Monday, May 18, 2009

Liberalism and Democracy


By the insistence on a law which is the same for all, and the con­ sequent opposition to all legal privilege, liberalism came to be closely associated with the movement for democracy. In the struggle for consti­tutional government in the nineteenth century, the liberal and the democratic movements indeed were often indistinguishable. Yet in the course of time the consequence of the fact that the two doctrines were in the last resort concerned with different issues became more and more apparent. Liberalism is concerned with the functions of government and particularly with the limitation of all its powers. [142]

Democracy is concerned with the question of who is to direct government. Liberalism requires that all power, and therefore also that of the majority, be limited. Democracy came to regard current majority opinion as the only criterion of the legitimacy of the powers of government. The difference between the two principles stands out most clearly if we consider their opposites: with democracy it is authoritarian government; with liberalism it is totalitarianism. Neither of the two systems necessarily excludes the opposite of the other: a democracy may well wield totalitarian powers, and it is at least conceivable that an authoritarian government might act on liberal principles.

Liberalism is thus incompatible with unlimited democracy, just as it is incompatible with all other forms of unlimited government. It presupposes the limitation of the powers even of the representatives of the majority by requiring a commitment to principles either explicitly laid down in a constitution or accepted by general opinion so as to effectively confine legislation.

Thus, though the consistent application of liberal principles leads to democracy, democracy will preserve liberalism only if, and so long as, the majority refrains from using its powers to confer on its supporters special advantages which cannot be similarly offered to all citizens. This might be achieved in a representative assembly whose powers were confined to passing laws in the sense of general rules of just conduct, on which agreement among a majority is likely to exist. But it is most unlikely in an assembly which habitually directs the specific measures of government. In such a representative assembly, which combines true legislative with governmental powers, and which is therefore in the exercise of the latter not limited by rules that it cannot alter, the majority is not likely to be based on true agreement on principles, but will probably consist of coalitions of various organized interests which will mutually concede to each other special advantages. Where, as is almost inevitable in a representative body with unlimited powers, decisions are arrived at by a bartering of special benefits to the different groups, and where the formation of a majority capable of governing depends on such bartering, it is indeed almost inconceivable that these powers will be used only in the true general interests.

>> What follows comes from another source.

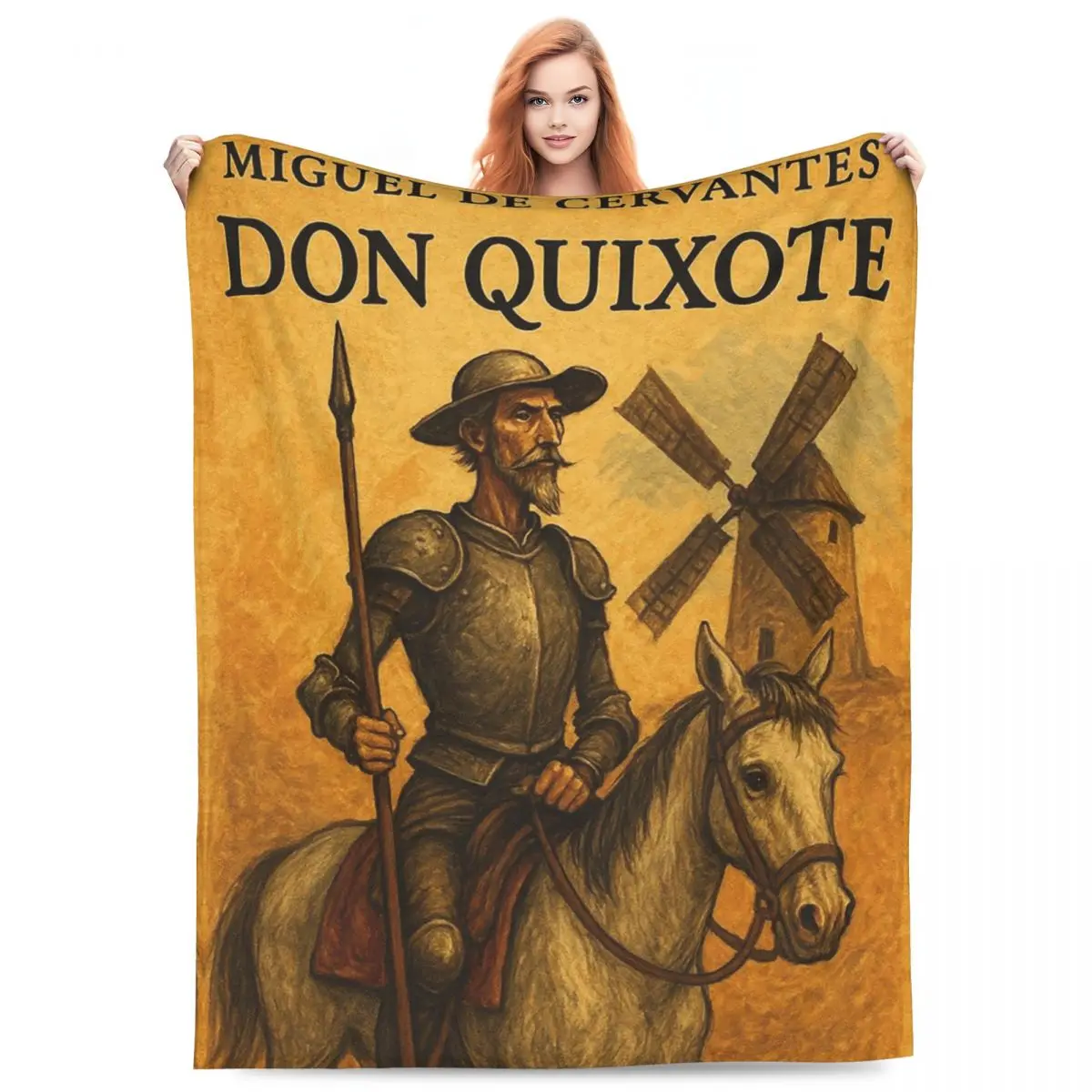 

Don Quixote Blanket Fleece Sofa Throw Blanket Portable Throw Blankets for Home Bedroom Travel Throws Bedspread Quilt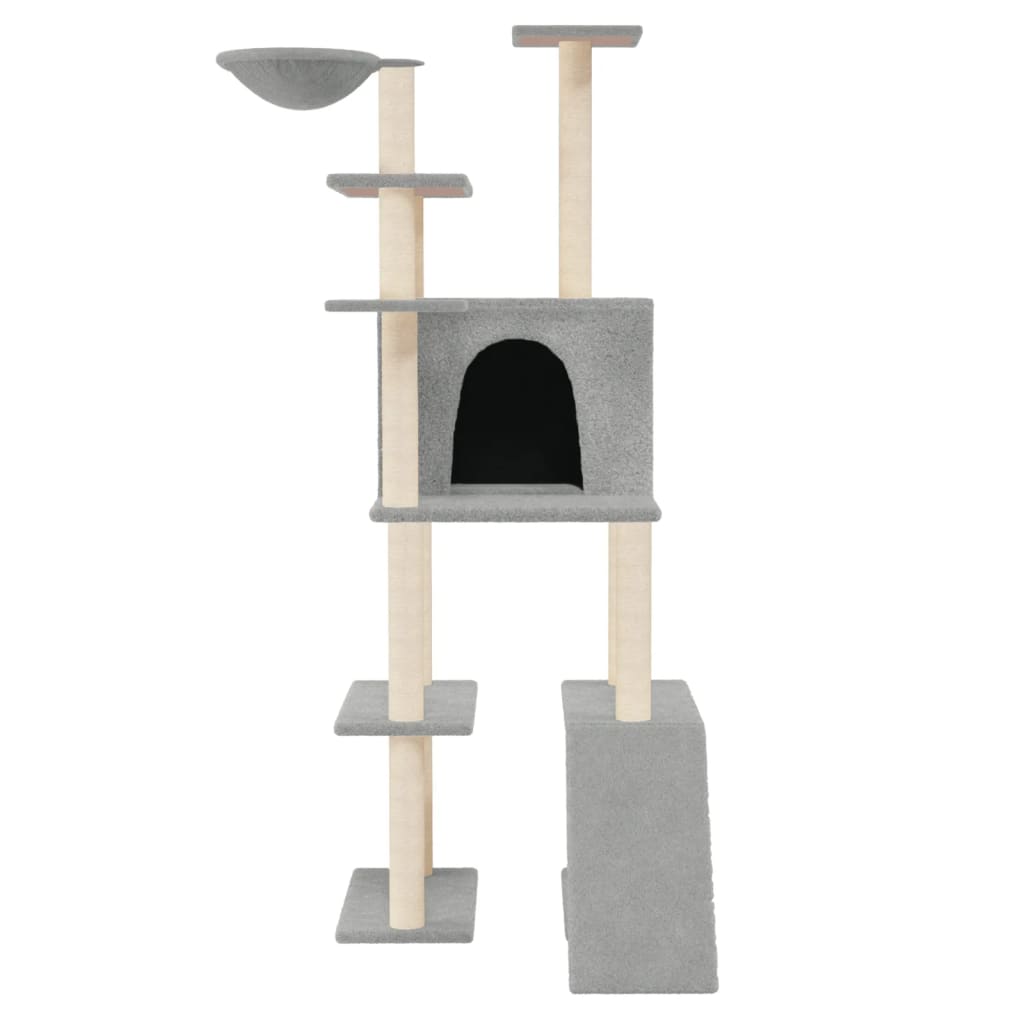 Albero per Gatti con Tiragraffi in Sisal Grigio Chiaro 166 cm - homemem39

But while for these reasons it seems almost certain that unlimited democracy will abandon liberal principles in favour of discriminatory measures benefiting the various groups supporting the majority, [143] it is also doubtful whether in the long run democracy can preserve itself if it abandons liberal principles. If government assumes tasks which are too extensive and complex to be effectively guided by majority decisions, it seems inevitable that effective powers will devolve to a bureaucratic apparatus increasingly independent of democratic control. It is therefore not unlikely that the abandonment of liberalism by democracy will in the long run also lead to the disappearance of democracy. There can, in particular, be little doubt that the kind of directed economy towards which democracy seems to be tending requires for its effective conduct a government with authoritarian powers.